I hear that a lot about Rio de Janeiro. And it makes perfect sense. The city, which really is marvellous, I mean, was, is now pure chaos. Mobsters are everywhere, violence is unstoppable, robberies every corner, people getting mugged everywhere, people dying because of a cell phone or a wallet, cars being stolen at day light, beggers laying down on the streets everywhere, homeless people asking for money all the time. Also, the slums won't stop growing and everyday the number of homicides and mugging increase, also exponentially.

Now, about the city itself, the places are completely left behind by the government. The streets are degraded, lights broken, litter all over the place, homeless people urinating on the walls, making the streets extremely stinky. Poor lighting of the roads, horrible pavement, people getting flat tires everyday because of giant holes in the middle of the pathway. 

The traffic is totally chaotic, massive traffic jams everywhere at all the time. People spending 2 hours to go through 5-6km of distante, poor public transportation, the buses are overcrowded and dirty. Also, there is much violence on buses at day light, the most famous case is when someone gets on the bus with a gun and takes all the passenger's goods. So, people get scared of using the bus and use their cars, always with the windows closed and on A/C, with contributes to the horrible traffic. 

Subway is worse than bus, hyper-mega-ultra-overcrowded, always late and poor conditions, dirty and whatnot. 

Also, the people see their hardly-earned money going away so easy with the absurd taxes that we pay here for NOTHING! It looks like the city has no government!

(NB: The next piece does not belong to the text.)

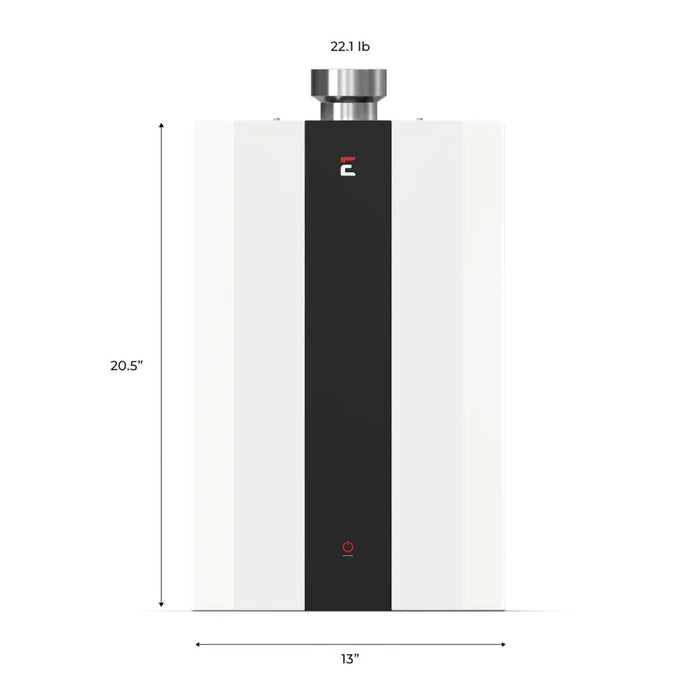 Eccotemp Smarthome SH12 Indoor 4.0 GPM Tankless Water Heater Front View with Dimensions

I think this resumes a bit when people wanna move outta Rio de Janeiro. Of course it's beautiful, the suggarloaf, Copacabana beach and whatnot, but only the people that live and work here knows what it's like to be rapped everyday by the authorities, and getting nothing back, I mean N O T H I NG !


----------



## Gerrad (Dec 17, 2006)

^babelfish translator?


----------



## Guest (Dec 23, 2009)

I hear that all the time!Especially with the teenagers here in Boca Raton, Florida. Every teenager here tells me "I live in this fake city called Boca" or "I hate Boca, it's so boring!" I just feel like yelling. I think they don't see everything the city has to offer and that they only see other cities good sides and want to go there and once they move out into another city they will soon see the problems they face with that place and would want to move out. That's is why I always say "Be careful what you say because you may regret it."


----------



## Northsider (Jan 16, 2006)

^^ WTF are you talking about?


----------



## luv2bebrown (Nov 4, 2004)

FM 2258 said:


> I think people hate a certain city when they're not getting laid regularly, not making enough money, and seemingly cannot make enough money to move out....oh, also when they're stuck in traffic.


BRILLIANT.


----------



## GSAA (Nov 2, 2009)

No matter if you live in NYC, London, Tokyo or, like me, Stockholm, your city can't be perfect in everything. I love Stockholm, even though I sometimes miss London's nightlife or Tokyo's neon lights.  That's why people complain.


----------



## MiamiMan305 (Oct 24, 2009)

No matter what city you live in, if you don't have the support of family or friends, and a job that you are content with it doesn't matter where you live. I feel like a lot of people blame their problems on where they live, when in reality it might be a nother factor that is missing in their life.


----------



## Kensingtonian (Nov 8, 2008)

the best cities are the ones you completely love one day and absolutely hate the next.


----------



## Uyncior (Oct 23, 2007)

my opinion:
Most of people have spend their holiday at least once in nice place. There probably was many interesting things, but for sure people feels great on holiday and they like places where they are. They also spending their time in pleasant way. When they come back to their own city, they start to find out many bad things, because it is hard to compare the holiday city to every-day-city. For example: I live in Paris, after a year I am bored and exhausted living there. I go to New York and spend there great time on parties and other pleasures. After that I come back to Paris and I come back to my daily life, which is hard and boring. New York is great for me and Paris sucks. Other exhausted person from New York will come to Paris and enjoy time spended there. For this one Paris is nice and NY is not. 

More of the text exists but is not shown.